File photo of a MiG-27 ML fighter jet. Photograph:( Reuters )
The last MiG-27 ML aircraft roared over Hasimara Air Force base in Bengal on Thursday for the last time as the IAF bade farewell to this legacy fleet in a function, a Defence spokesperson said on Friday.
The MiG-27 ML, codenamed 'Bahadur' in India, has had an impeccable track record in its more than three decades of glorious service to the nation, the spokesperson said in a statement.
The formidable strike aircraft of Russian origin has the single most powerful engine in the world and variable geometry wing which allows the pilot to change the wing sweep angle while flying as per the mission requirements to achieve optimum flying characteristics, it said.
This swing wing fighter bomber was inducted into the IAF fleet in the late 1980s. Being a dedicated ground attack aircraft, it was one of the main strike aircraft of the IAF.
With its sophisticated avionics and weapon computers, it is capable of delivering a variety of loads in different modes of attack with immense precision, the statement said.
Being a very stable weapon platform with good forward visibility and all around view, it can drop bombs, rockets, precision munitions guided by TV/laser and also fire air-to-air missiles for self defence thus making it a lethal and a potent weapon platform.
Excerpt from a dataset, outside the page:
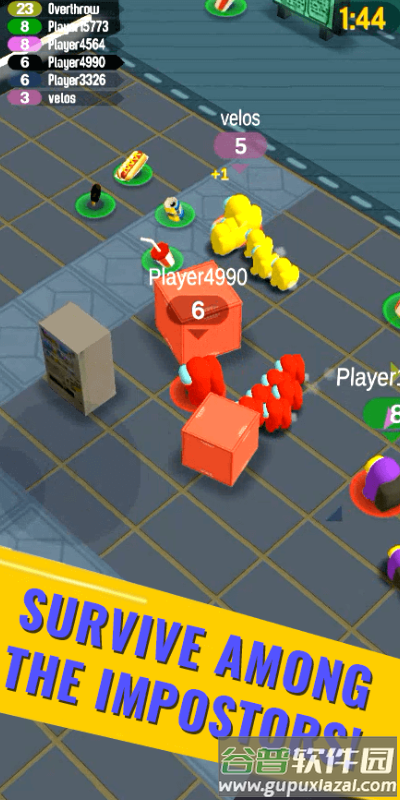 在冒名顶替者中截图2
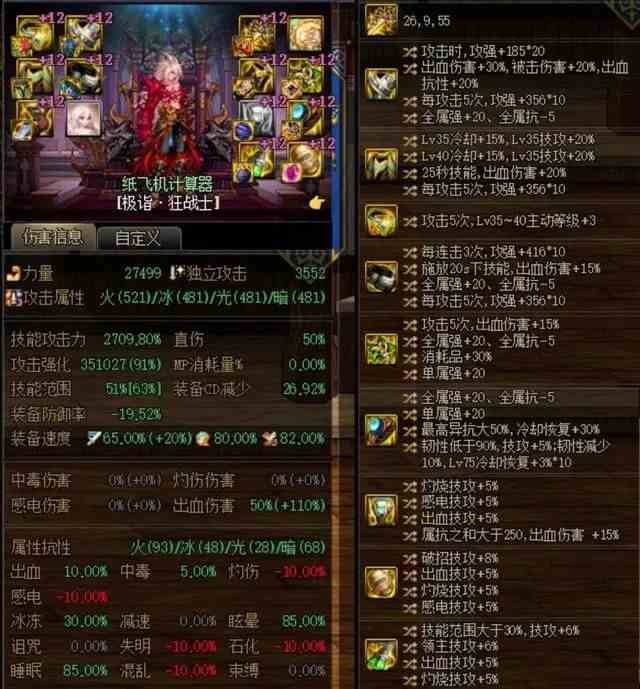 dnf神界特化35装备流派攻略图5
MiG-27 ML had proved its worth in various operations, including in Kargil and earned rich accolades in numerous international exercises held in India.
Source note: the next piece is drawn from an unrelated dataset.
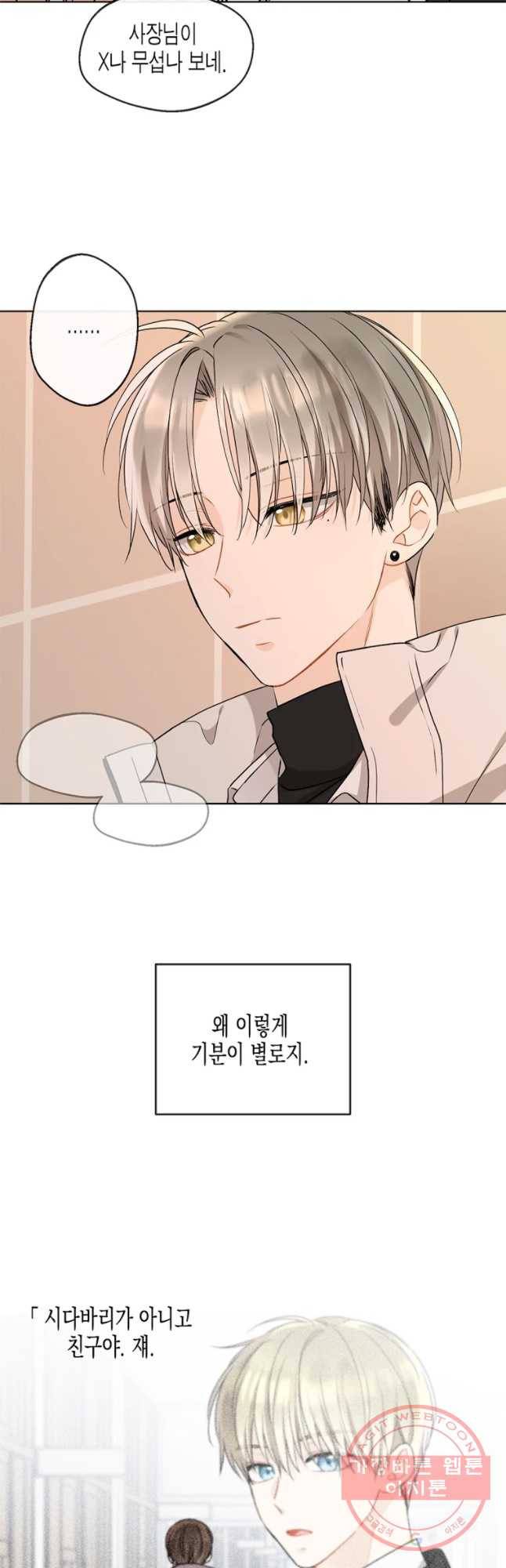 너를 만나다 77화 31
The pilots proudly call themselves 'Swing Wingers' and have always vouched the aircraft's precise weapon delivery and rapid acceleration, the statement said.
Though the last MLs retire, they are not the last swing wing aircraft in service as few of them got a midlife avionics upgrade and continue to serve the nation. They are called MiG-27 UPG and are presently based in Jodhpur.
The 22 Squadron, known as 'Swifts' was the last squadron of the IAF flying the MiG-27 MLs. The squadron has a rich history and is known for undertaking the famous 'Boyra Day Operations' in Gnat aircraft, marking the beginning of 1971 War.
One of the youngest fighter squadrons, it converted to the MLs in February 1990. The lethal MiG-27 aircraft, with its range, speed and ferocity in attack has always been in perfect harmony with the ?Swift?, who bade it farewell with full military honours.
Squadron head Group Captain S L Mahajan, who after a stint in Sukhoi-30 MKI, proudly led the last ML.
The 'Swift' pilots are slated to move to other squadrons/appointments and the squadron would be number plated for new induction.